NPM1c Alters FLT3-D835Y Localization and Signaling Thereby Inducing a Fulminant Myeloproliferative Disorder in Mice

Activating mutations in FLT3 and NPM1 are the most common alterations in AML and frequently coincidental. The NPM1 mutation (NPM1c) dislocates the protein to the cytoplasm due to a disruption of the nuclear localization signal. In FLT3, two types of mutations are present: Tandem duplications of the juxtamembraneous domain (ITD) and point mutations of the tyrosine kinase domain (TKD). In murine models, both NPM1c and FLT3-ITD induce a myeloproliferative disease (MPN), while FLT3-TKD expression alone is not sufficient to cause a myeloid disease in mice. Co-expression of NPM1c and FLT3-ITD rapidly induces an AML in C57Bl/6 mice. In the present study, we investigated the impact of NPM1c co-expression with the TKD mutation FLT3-D835Y and the molecular mechanism underlying the functional dependency of those two proteins.

For this purpose, we used a heterozygous conditional Npm1c knockin mouse model, where bone marrow cells were harvested, retrovirally infected with MiG- Flt3-D835Y and injected into lethally irradiated C57Bl/6 wt mice. Lymphatic/leukemic organs of moribund mice were analyzed for their immune phenotype by flow cytometry. To investigate the molecular function and mechanism leading to disease induction by these oncogenes, intracellular flow cytometry as well as immunofluorescence imaging of primary murine cells were performed to analyze signaling and localization differences. In order to examine the clinical relevance, AML patient samples harboring either NPM1c and FLT3-TKD mutations or FLT3-TKD mutation in combination with wildtype NPM1 were analyzed by immunohistochemistry and flow cytometry for intracellular signaling mediators.

Flt3-D835Y⁺ Npm1c⁺mice rapidly developed an MPN with a median latency of 33 days, whereas Flt3-D835Y⁺ Npm1 wt mice did not develop a leukemic disease. To investigate the underlying mechanism leading to MPN induction in Flt3-D835Y⁺ Npm1c⁺mice, we analyzed the activation of signaling transducer and activator of transcription (STAT) pathways in primary splenocytes of moribund mice. Strikingly, we were able to detect a profound activation of STAT5 in murine Flt3-D835Y⁺ Npm1c⁺ cells, which could not be seen in the Flt3-D835Y⁺ Npm1 wt cells. Next we asked for the clinical significance of these differential FLT3-TKD signaling capacities and performed immunohistochemistry stainings as well as intracellular flow cytometry of primary AML patient BM at initial diagnosis. In line with the findings in the murine model, immunohistochemic analyses showed significantly increased pSTAT5 signal in AML samples harboring both NPM1c and FLT3-TKD mutations, when compared to FLT3-TKD⁺ samples without NPM1 alteration. These results could be confirmed by intracellular pSTAT5 staining of primary human AML blasts, where STAT5 activation was significantly elevated in FLT3-TKD patients harboring an NPM1c mutation.
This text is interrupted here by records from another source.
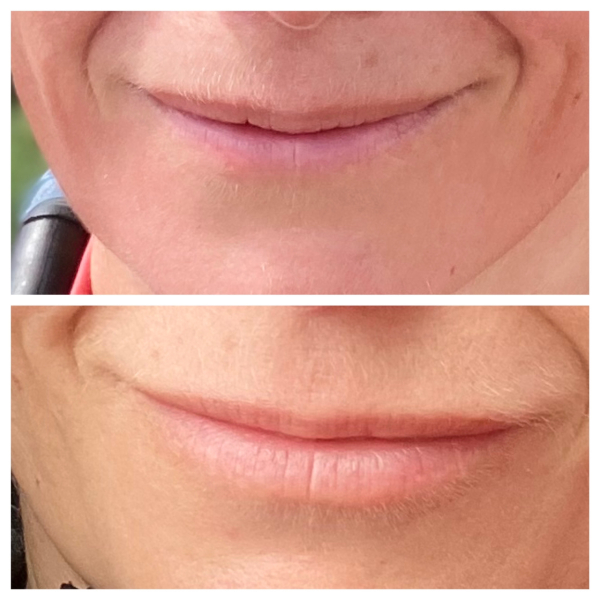 What is with lip fillers?!? They look so fake and awful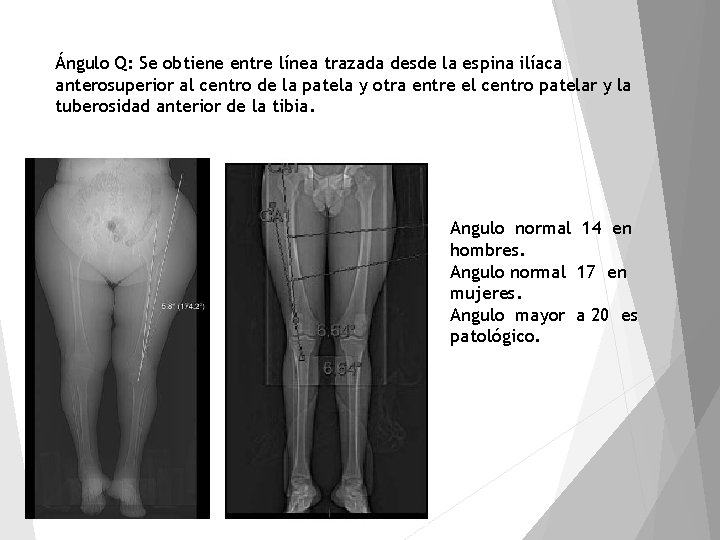 Ángulo Q: Se obtiene entre línea trazada desde la espina ilíaca anterosuperior al centro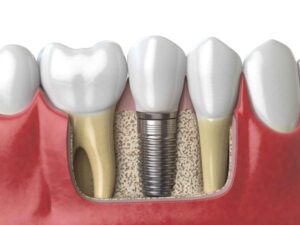 Tooth Implants Sydney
To investigate the molecular mechanism underlying these differential signaling capacities we performed immunofluorescence and flow cytometry analyses of murine leukemic cells and could show a profound localization shift of FLT3-TKD from the cell surface to the endoplasmic reticulum only in cells harboring the NPM1c mutation. In NPM1 wt cells FLT3-TKD could exclusively be detected at the cell surface. These results could be confirmed by immunoblotting analyses, where we detect an underglycosylated, intracelullar FLT3-TKD 130 kDa-form in NPM1c⁺ cells while it is found as a highly glycosylated, cell-surface bound 150 kDa form in cells lacking NPM1c.
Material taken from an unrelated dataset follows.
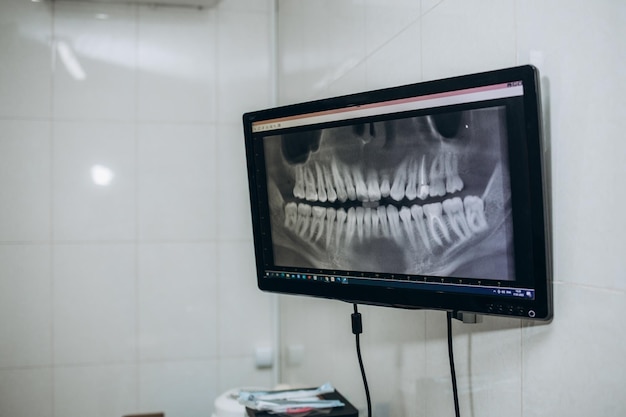 Doctor looking at human teeth xray on computer monitor Modern dental clinic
In the present study, we could demonstrate that co-expression of Npm1c and Flt3-D835Y induces a rapid-onset MPN in C57Bl/6 mice. Interestingly, the presence of NPM1c also alters the cellular localization of FLT3-TKD from the cell surface to the endoplasmic reticulum, and thereby leads to STAT5 activation by FLT3-D835Y. We could further show that STAT5 activation not only occurs in murine cells but also in AML patients with FLT3-TKD in combination with NPM1c mutation. Thus, our data indicate that the NPM1c mutation shifts the signaling properties of FLT3-TKD towards those of the FLT3-ITD mutation, which may explain its occurrence in myeloid disorders and suggest that STAT5 might be a potential unique therapeutic target in FLT3-mutated AML.